The kind of awareness that you are displaying is to your credit, and I see that the issues of interaction with poor data security practice is vitally important to you, as it should be with everyone else in your friendship group.

What I suggest is that at the moment they are seeing you as a 'pain' instead of as a qualified and respected advisor. I think that you should make a plan which will shift their perception of you and your talents.

Perhaps you could begin by interacting more seriously, creating a workgroup, so that all are contacted together on these issues. You will perhaps then get replies which the others would see - and this could begin to make them more aware to the dangers and also to how simple it is to maintain a high level of security (using your advice)

You could then start to recommend free and effective programs which will protect their data security, offering to download, install or monitor how these programs are used - and explaining the benefits.

So you give away some secrets - but in return your group is aware and secure for now and into the future. Just be careful that you avoid pointing the finger at any one individual and maintain your professional standards at all times.

Thanks for the question very interesting and topical.

Answer 6

If you still want to change their behavior, lower your standards considerably and meet them in the middle (not that you should be more lax on your devices, but in what you recommend they do with theirs).

Reusing passwords is fine. Something like a stackexchange account can share a password with other services because the negative consequences are measured in fake internet points. Try to convince them to set unique passwords for their bank, their email (which is the recovery option for everything), and any other services of similar importance.

Writing down passwords is ok. Pen on paper, and keep it somewhere the webcam can't see. If someone has broken into their house, they have bigger problems than the person having their passwords. As long as they aren't typing down their passwords.

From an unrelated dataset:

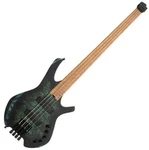 Cort Space 4 Star Dust Green Headless Bass Guitar Poplar Burl Bartolini MK-1. Fixed Price $779.99.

Ultimately, you need to accept that others do not care about the risks as much as you do. You will never convince them to take the same precautions you do, so focus on harm minimisation instead of harm eradication. They probably think you are crazy for taking risks in other areas of your life (drinking, smoking, lack of exercise, unhealthy eating, speeding/tailgating in your car, no security shutters on your house windows) - would you completely stop doing all those things because someone told you they were risky?